> Task prompt
Below this line are records; transcribe exactly the lines between the one holding "APC UPS Line-Interactive" and the one holding "Athabasca Glacier, Columbia", inclusive, and omit the pictures.

> Excerpted records
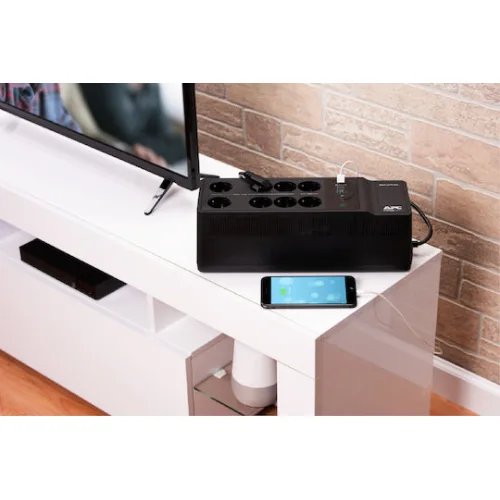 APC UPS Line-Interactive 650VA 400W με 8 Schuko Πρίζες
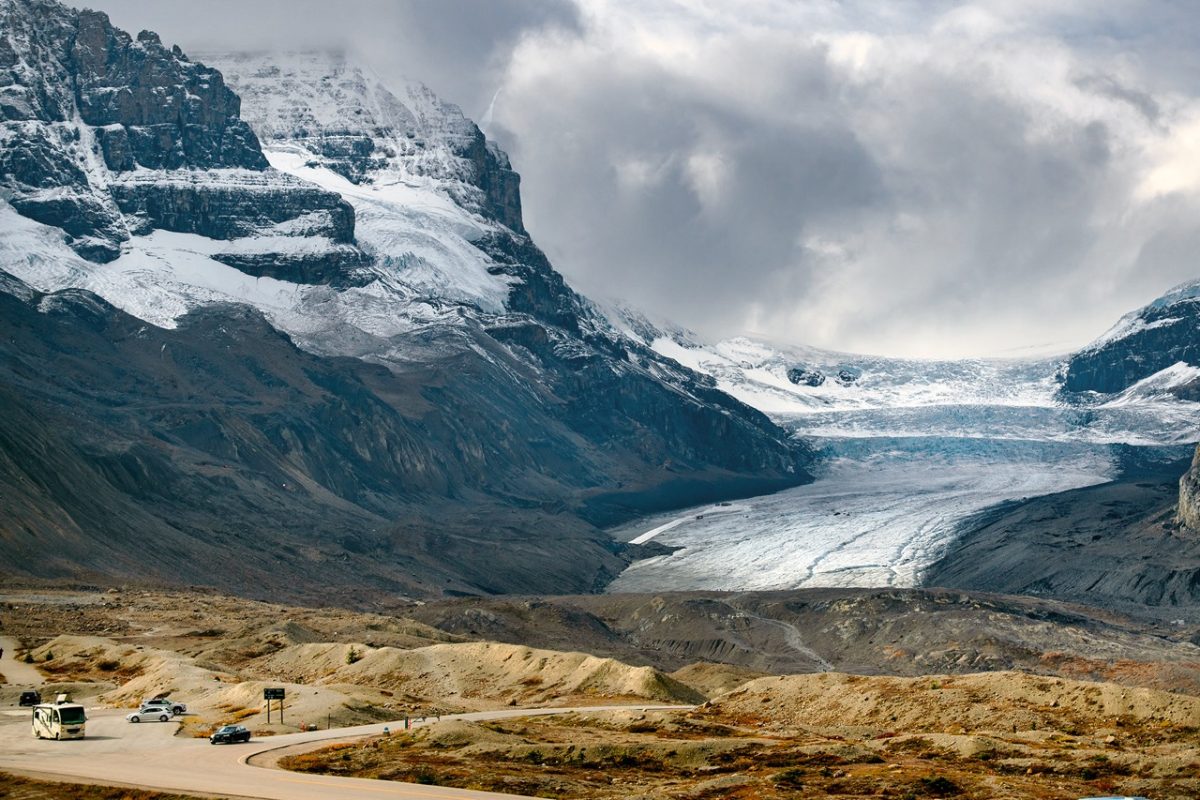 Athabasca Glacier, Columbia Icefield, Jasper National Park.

--

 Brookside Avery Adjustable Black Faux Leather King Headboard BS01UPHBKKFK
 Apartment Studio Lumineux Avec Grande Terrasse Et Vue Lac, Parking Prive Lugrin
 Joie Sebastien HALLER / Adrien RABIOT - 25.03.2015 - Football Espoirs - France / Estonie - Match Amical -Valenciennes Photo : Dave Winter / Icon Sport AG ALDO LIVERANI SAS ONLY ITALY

> Output below
 APC UPS Line-Interactive 650VA 400W με 8 Schuko Πρίζες
 Athabasca Glacier, Columbia Icefield, Jasper National Park.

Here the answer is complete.